Weights lifting can help, but this has to be done under supervision and without bending the body. 

Surgery 

Surgery can be suggested in patients who do not respond to conservative therapies within about 3 months.

This may be an option if there is:

  • back or leg pain that stops the patient from carrying out regular activities
  • numbness or weakness in the legs
  • difficulty standing or walking

The following surgical options are available:

spinal surgery
If conservative management does not have the intended effect, spinal surgery may be required to correct the degenerated disc.

Surgery for stabilization or spinal fusion: fusing two vertebrae together provides the spine with stability. 

This can be done anywhere in the spine, but in the lower back and region of the neck it is more common. These are the most movable spine pieces. 

In patients whose spine can no longer bear their weight, this can alleviate intense discomfort, but it can also worsen the degeneration of the disks adjacent to the fused vertebrae. 

Decompression surgery: Different methods for removing part of the disk joint may alleviate nerve pressure. 

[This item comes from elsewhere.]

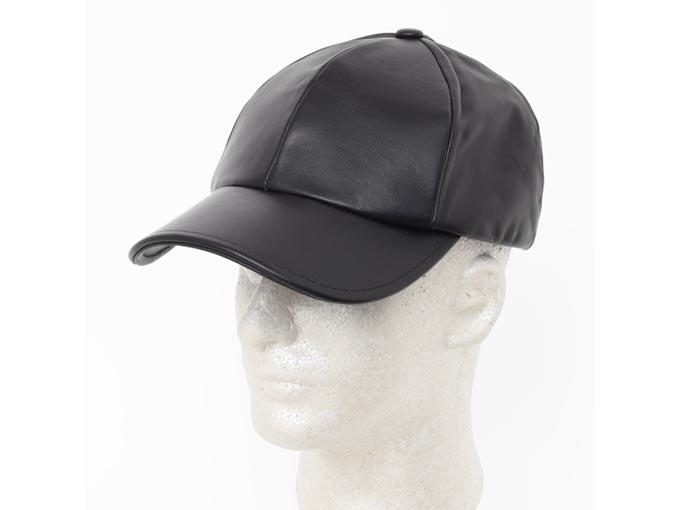 Schott ショットLEATHER　B.B CAP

Other methods of treatment may be appropriate for a patient experiencing osteoarthritis, a herniated disc, or spinal stenosis. 

Stem cell therapy 

Researchers at Queensland University , Australia, have had some success in using stem cells as a tissue engineering method. 

The goal is to promote the development of usable cartilage, using an injectable hydrogel method. The researchers concluded that stem cell therapy could be helpful for the regeneration of intervertebral discs. 

The verdict is still out and a lot more trials are required to prove this safe and successful treatment.